I am able to connect to HDFS datasource and see the files and everything there.

HIVE server is running on port: 10000, Thrift on: 10001… Am i not supposed to connect to those with Dremio?

Let me know, thanks

Hi @dataedgehungary

The first error is a parsing error. Can you please check the syntax of the query?

The second error seems to come from the fact that you are using a transactional table. Can you please send me the output of “describe formatted PONTMASTERDB.BOLT;”

Thanks
@balaji.ramaswamy

Hi,

The first error is just literally clicking on the table. It tries to load the preview.
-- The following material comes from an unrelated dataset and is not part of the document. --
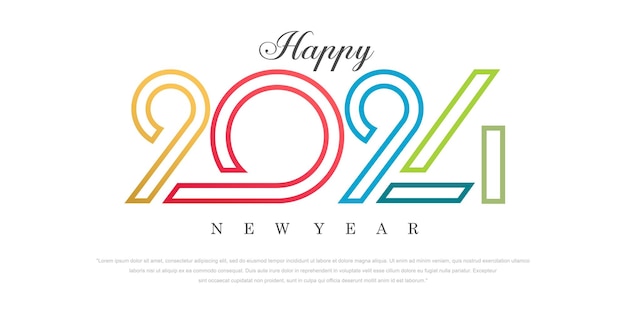 2024 Happy New Year logo text design 2024 number design template Vector illustration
Yes, I am using a transactional table ACID

| Detailed Table Information | Table(tableName:vasarlas_2011068, dbName:pontmasterdb, owner:root, createTime:1548252921, lastAccessTime:0, retention:0, sd:StorageDescriptor(cols:[FieldSchema(name:id, type:bigint, comment:null), FieldSchema(name:kreditkartyaid, type:bigint, comment:null), FieldSchema(name:vevoid, type:bigint, comment:null), FieldSchema(name:partnerid, type:bigint, comment:null), FieldSchema(name:boltid, type:bigint, comment:null), FieldSchema(name:kartyaszam, type:string, comment:null), FieldSchema(name:esemenydatumido, type:string, comment:null), FieldSchema(name:azonosito, type:string, comment:null), FieldSchema(name:vasarlasosszeg, type:int, comment:null), FieldSchema(name:forrastipus, type:int, comment:null), FieldSchema(name:forrasid, type:bigint, comment:null), FieldSchema(name:penztargepazonosito, type:string, comment:null), FieldSchema(name:datumido, type:string, comment:null), FieldSchema(name:verzio, type:bigint, comment:null), FieldSchema(name:eszkozid, type:bigint, comment:null), FieldSchema(name:penztarosid, type:bigint, comment:null), FieldSchema(name:oper, type:string, comment:null)], location:hdfs://master1.hadoop:8020/data/warehouse/tablespace/managed/hive/pontmasterdb.db/vasarlas_2011068, inputFormat:org.apache.hadoop.mapred.TextInputFormat, outputFormat:org.apache.hadoop.hive.ql.io.HiveIgnoreKeyTextOutputFormat, compressed:false, numBuckets:-1, serdeInfo:SerDeInfo(name:null, serializationLib:org.apache.hadoop.hive.serde2.lazy.LazySimpleSerDe, parameters:{serialization.format=, line.delim=\n, field.delim=}), bucketCols:[], sortCols:[], parameters:{}, skewedInfo:SkewedInfo(skewedColNames:[], skewedColValues:[], skewedColValueLocationMaps:{}), storedAsSubDirectories:false), partitionKeys:[], parameters:{totalSize=575641648, numRows=0, rawDataSize=0, transactional_properties=insert_only, numFiles=4, transient_lastDdlTime=1548252930, bucketing_version=2, comment=Imported by sqoop on 2019/01/23 09:15:16, transactional=true}, viewOriginalText:null, viewExpandedText:null, tableType:MANAGED_TABLE, rewriteEnabled:false, catName:hive, ownerType:USER, writeId:1) |

I managed to get on further with the “hive.metastore.capability.check false”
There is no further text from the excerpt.